Although creating a QR code may be very simple, getting an audience to scan it is an equally difficult task. This means that whenever a person sees a QR code, they expect something valuable behind scanning it. A brand’s job is to make sure that they give enough incentive for the audience to scan it in the first place. Although scanning it may seem like an easy task, it isn’t the same for smartphone users who’d rather do a million other things on their phone. So, when they do decide to take it out of their pocket, use the app and finally scan the code, something engaging and appealing had better lie behind it.
Heavily content-laden pages will lead to slow download speeds, which can waste any efforts to get a response.

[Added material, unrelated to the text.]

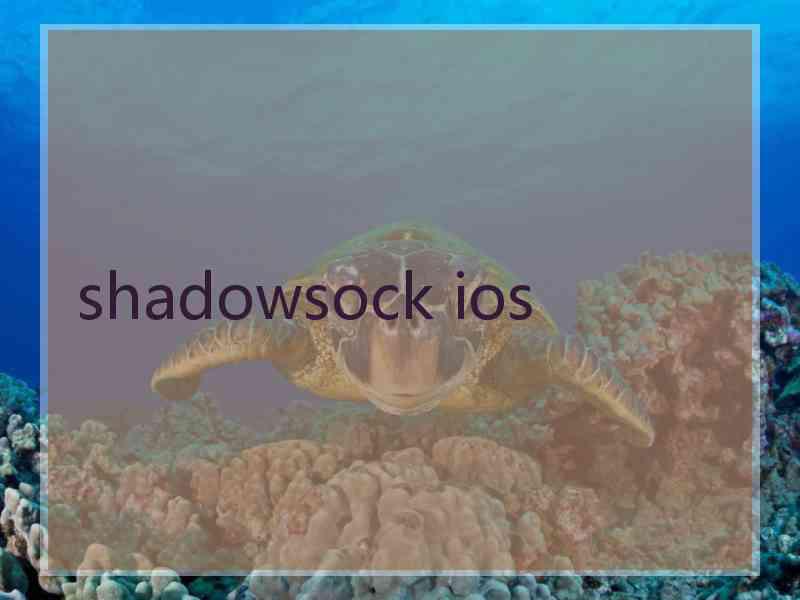 shadowsock ios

This is because the digital age has increased the speeds of basically everything and humans that are used to instant gratification have no time to wait for content that loads slowly. Don’t forget that QR codes are designed to be scanned by mobile phones so any content page that the marketing team has developed should be optimized for viewing on smartphones.
It’s crucial that you implement the using of QR codes yourself before introducing it to the public. Otherwise, it would be an inexcusable blunder for them not to work. This is why the marketing department should hold a series of ‘pilot scans’, which includes scanning and checking. Make sure to test if the codes can be scanned through low-resolution cameras to know the lowest resolution at which they can be scanned. Test various surfaces on which the code can be scanned best to know whether you should opt for metallic, shiny or matte. Finally, test the time it takes to scan before it starts to load and the minimum/maximum distance from the code required for scanning. Applying these techniques before incorporating QR codes into your marketing campaign will not only make for a successful outcome but will save you lots of money which would otherwise be lost by using ineffective codes.